I możemy powiedzieć, że Pan wysłuchał go ponad wszelkie oczekiwania. Albowiem jako zakonnik O. Pio żył wielkodusznie ideałem brata kapucyna, jak też żył ideałem kapłana. Dlatego dzisiaj stanowi on punkt odniesienia, gdyż w nim w sposób szczególny przyjęły się i znalazły duchowy oddźwięk dwa aspekty, znamionujące katolickie kapłaństwo: władza konsekrowania Ciała i Krwi Pana oraz odpuszczania grzechów. Czyż ołtarz i konfesjonał nie były dwoma biegunami jego życia? To kapłańskie świadectwo stanowi ogromnie doniosłe i aktualne wezwanie.
Wystarczy w tym względzie przypomnieć to, co mówi Sobór Watykański II na temat sakramentu kapłaństwa, zwłaszcza w dekrecie „O posłudze i życiu kapłanów”. Potwierdza on ponownie istotne i ponadczasowe wartości kapłaństwa, które w osobie O. Pio spełniły się w sposób wybitny. Niewątpliwie proponuje on także i nowe perspektywy i formy świadectwa, bardziej dostosowane do sposobu myślenia ludzi naszych czasów. Jednakże byłoby wielkim błędem i w złym kierunku szłaby zachęta od odnowy, gdyby kapłan zapomniał o tych podstawowych wartościach, i nie można by było powoływać się na Sobór, uzasadniając takie przeoczenie.

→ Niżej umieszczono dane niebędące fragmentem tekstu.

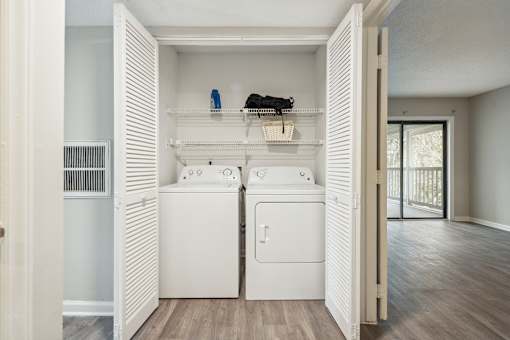 A laundry room with a washer and dryer.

Istotny aspekt tej świętej posługi, tak dostrzegalny w życiu O. Pio, to Ofiara, w której kapłan składa siebie samego w Chrystusie i z Chrystusem jako żertwę na wynagrodzenie i zadośćuczynienie za grzechy ludzi. Kapłan winien mieć zawsze przed oczyma klasyczną definicję własnego posłannictwa, wyrażoną w Liście do Hebrajczyków: „Każdy bowiem arcykapłan z ludzi brany, dla ludzi bywa ustanawiany w sprawach odnoszących się do Boga, aby składał dary i ofiary za grzechy” (Hbr 5, 1). W tej definicji zawiera się echo Soboru, który uczy, że „Prezbiterzy jako szafarze rzeczy świętych, zwłaszcza w ofierze Mszy świętej, zastępują w specjalny sposób osobę Chrystusa, który dał samego siebie jako żertwę ofiarną dla uświęcenia ludzi” (DK 13).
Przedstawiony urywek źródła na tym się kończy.